Von einer Trendwende beim Konsum, einer Stabilisierung der ökonomischen Lage der Haushalte auf breiter Front, kann auch im laufenden Jahr beileibe nicht die Rede sein. Im Vergleich zum Vormonat April fielen die Umsätze des Gastgewerbes um rund zwei Prozent, in der Gastronomie um 1,9 Prozent. Nichts deutet darauf hin, dass sich der freie Fall der deutschen Ökonomie abbremsen würde.

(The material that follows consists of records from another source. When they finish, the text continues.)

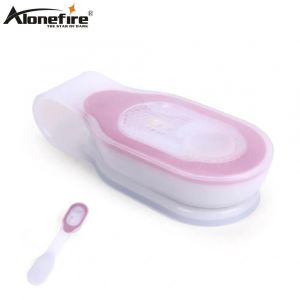 Hutp-Mini Lumi&egrave;re De Secours Clip S&eacute;curit&eacute; Silicone Souple Course En Plein Air Enfant Lampe Sangle Randonn&eacute;e Marche Chien Camping M&eacute;decin Infirmi&egrave;re Lampe De Travail-Rouge-Cr2032 - Neuf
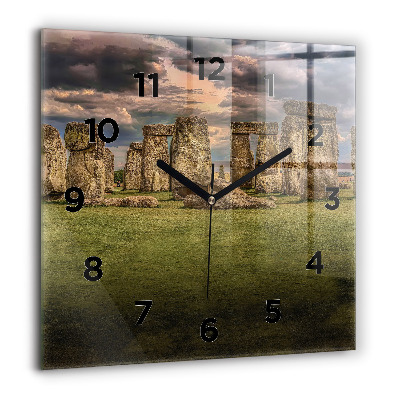 Négyzetes üvegóra 60x60 Stonehenge Nimbostratus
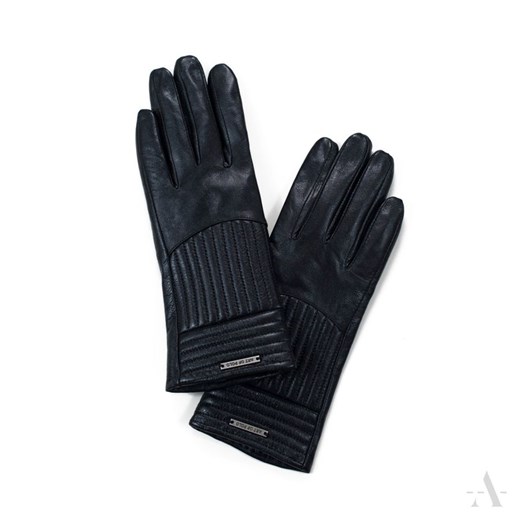 Skórzane czarne rękawiczki damskie z "pazurem" Evangarda M (7,5) Evangarda.pl okazyjna cena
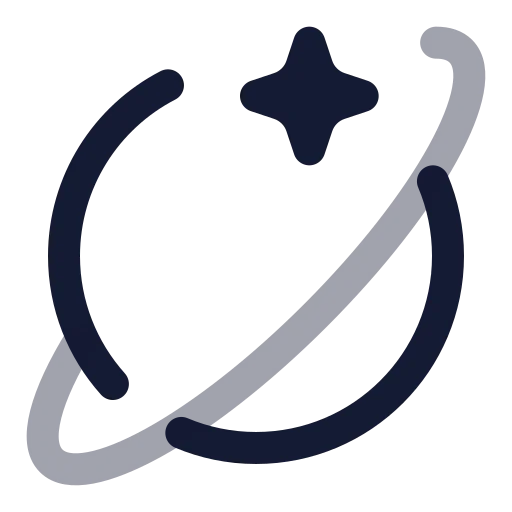 Ai Art Icon in Twotone Rounded style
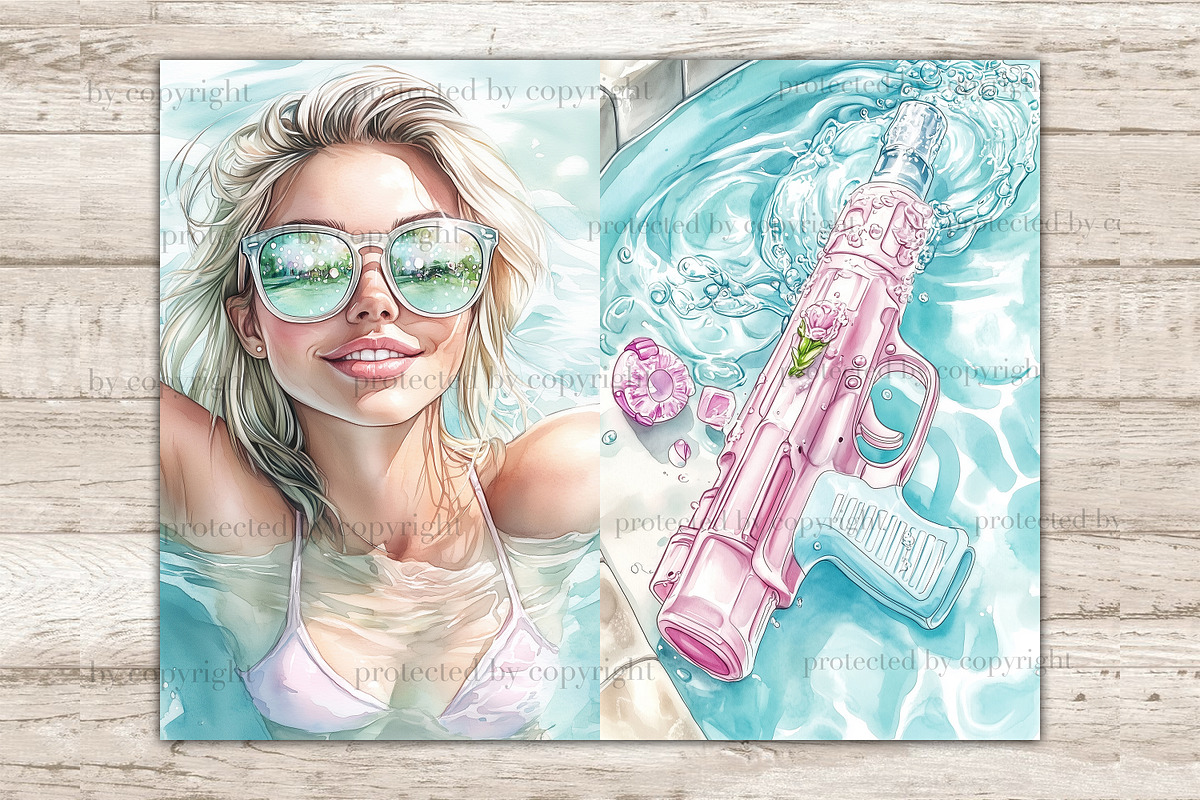 Pool Party Junk Journal Kit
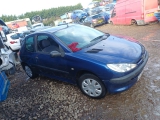 PEUGEOT 206 HATCHBACK 3 Doors 1998-2007 WING (DRIVER SIDE) BLUE (EGE) 7841L0 1998,1999,2000,2001,2002,2003,2004,2005,2006,2007PEUGEOT 206  1998-2007 WING (DRIVER SIDE) 7841L0     Used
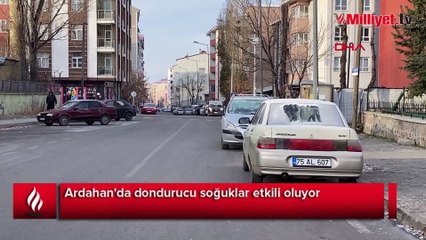 Ardahan'ın Göle ilçesi -10 derece ile en soğuk yer oldu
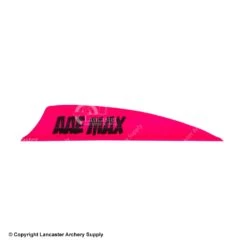 AAE Plastifletch Max Vanes -Bearpaw Shop 1010015 shield hot pink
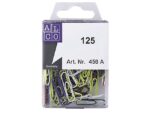Paperclips Alco 26mm hoekig assorti kleuren 125 stuks in    doos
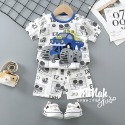 【現貨當日出貨✨】韓版小童衣服 多款 兩件套 帥氣車車套裝 休閒 開扣 居家 姊弟裝 兄妹裝 春夏裝-規格圖6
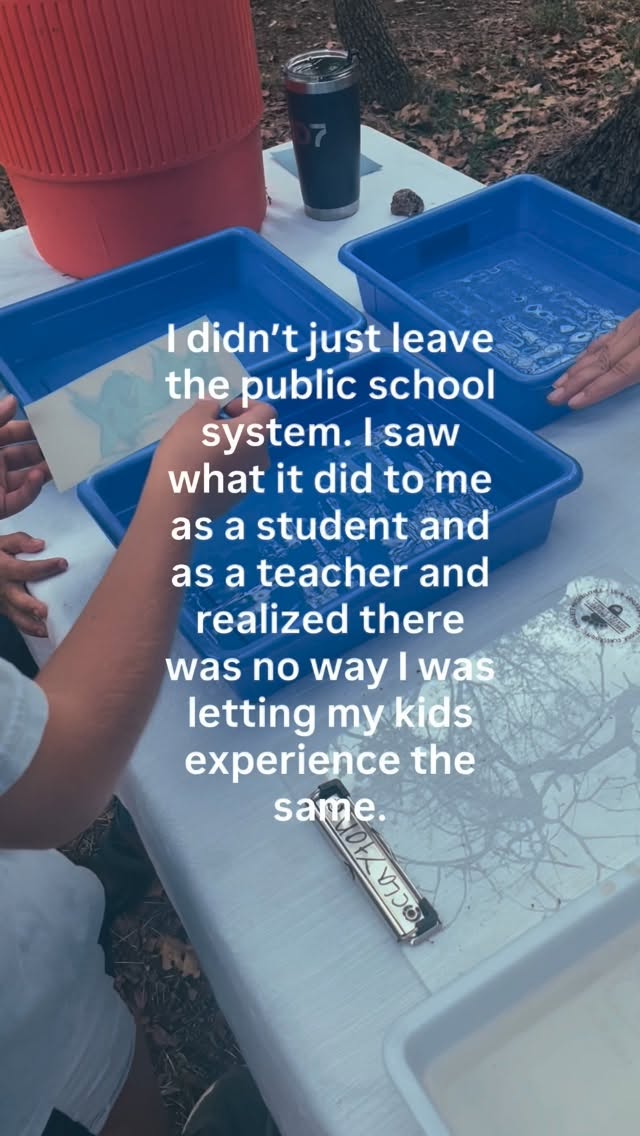 The hardest part… 👇 

Getting out of my own head. 

If you have big feelings around public school education because of your childhood experiences, don’t do the same to your children. 

Teachers turned unschooling mom here. Hit follow if you want to simplify learning for your children making memories meaningful while watching true learning take place.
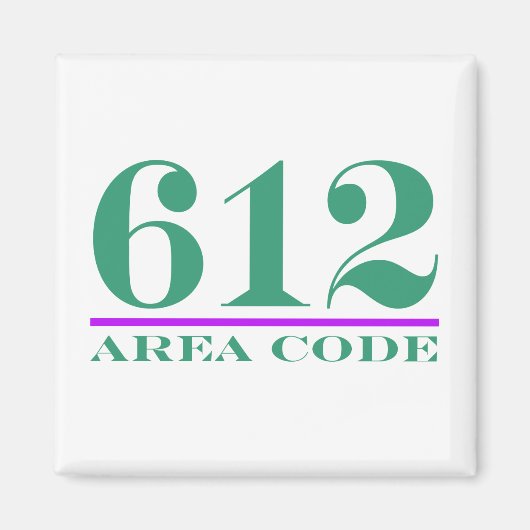 Gebiedscode 612 magneet (Voorkant)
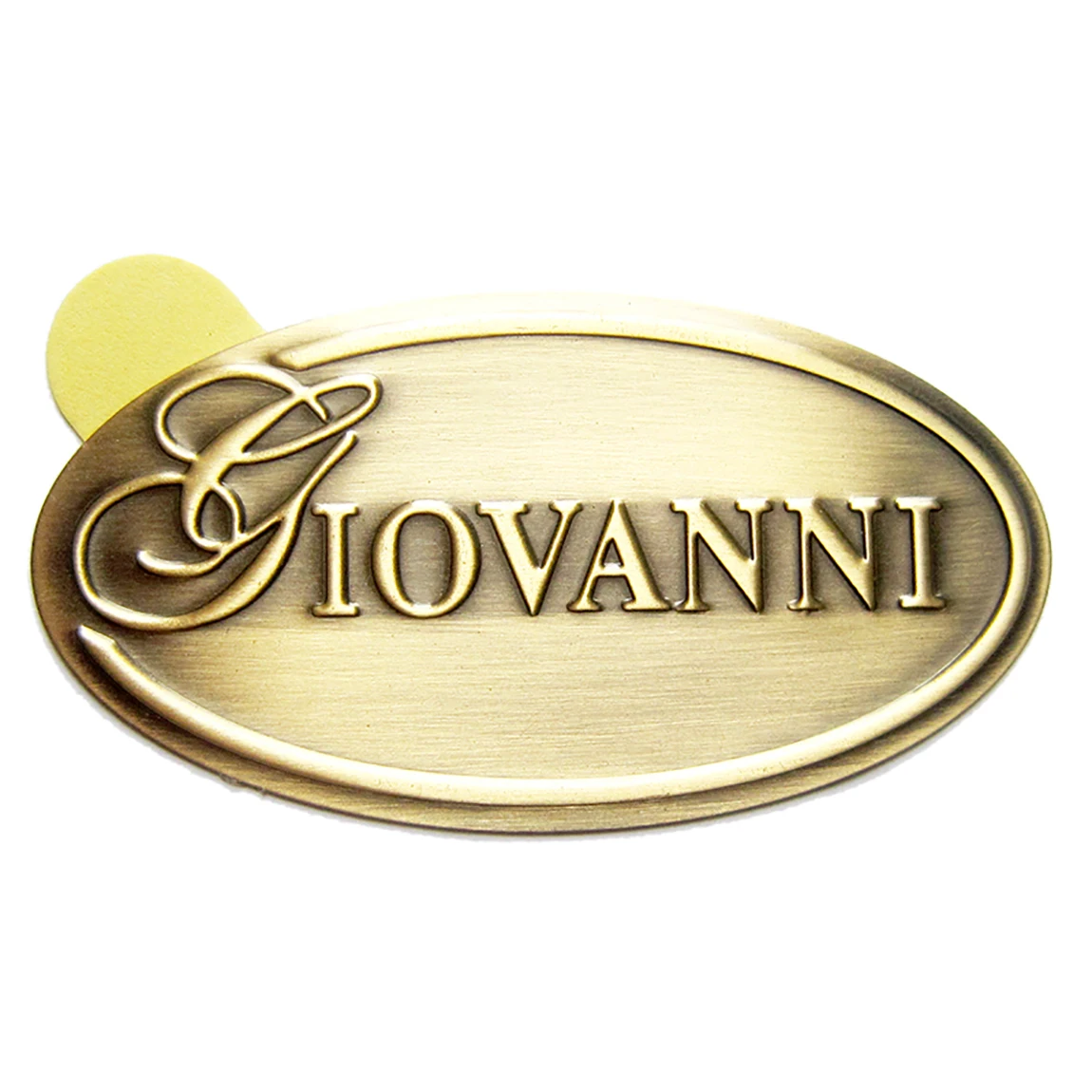 Custom Antique Brass Logo Plate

Bemerkenswert ist dabei: Nie in der Nachkriegsgeschichte der Bundesrepublik hat eine Bundesregierung absolut und in Relation zum Bruttoinlandsprodukt ein größeres Schuldenvolumen mobilisiert, um zumindest ein konjunkturelles Strohfeuer zu entfachen und in einem für die Regierung wichtigen Wahljahr die Illusion von Stabilität und Prosperität zu erzeugen. Über 525 Milliarden Euro gibt der Bund in diesem Jahr aus. Hinzu kommen rund 50 Milliarden Euro aus dem schuldenfinanzierten Sondervermögen sowie die Verdopplung des Wehretats auf über 110 Milliarden Euro, was der Rüstungsindustrie immerhin einen nie dagewesenen Boom beschert.